# What this task involves:
The pictures stay out; all of the data is to be printed exactly.

# Given material:
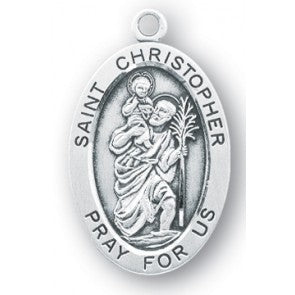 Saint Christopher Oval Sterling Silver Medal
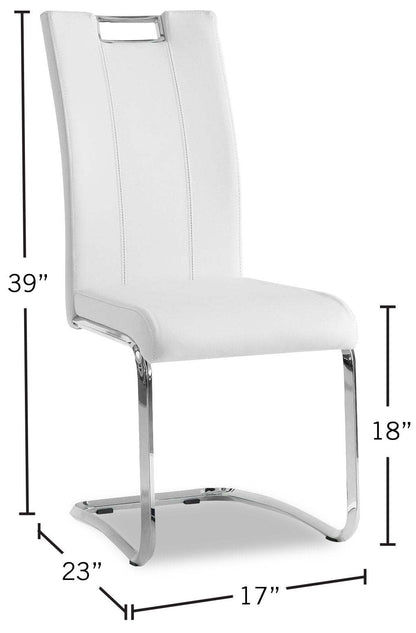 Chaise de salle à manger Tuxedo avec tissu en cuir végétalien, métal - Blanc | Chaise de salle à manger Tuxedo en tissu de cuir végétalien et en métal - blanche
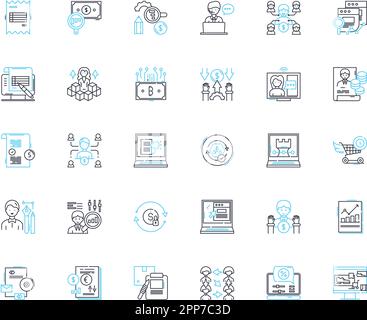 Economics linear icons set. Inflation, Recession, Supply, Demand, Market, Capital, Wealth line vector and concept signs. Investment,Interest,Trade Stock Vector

# Task solution:
 Saint Christopher Oval Sterling Silver Medal
 Chaise de salle à manger Tuxedo avec tissu en cuir végétalien, métal - Blanc | Chaise de salle à manger Tuxedo en tissu de cuir végétalien et en métal - blanche
 Economics linear icons set. Inflation, Recession, Supply, Demand, Market, Capital, Wealth line vector and concept signs. Investment,Interest,Trade Stock Vector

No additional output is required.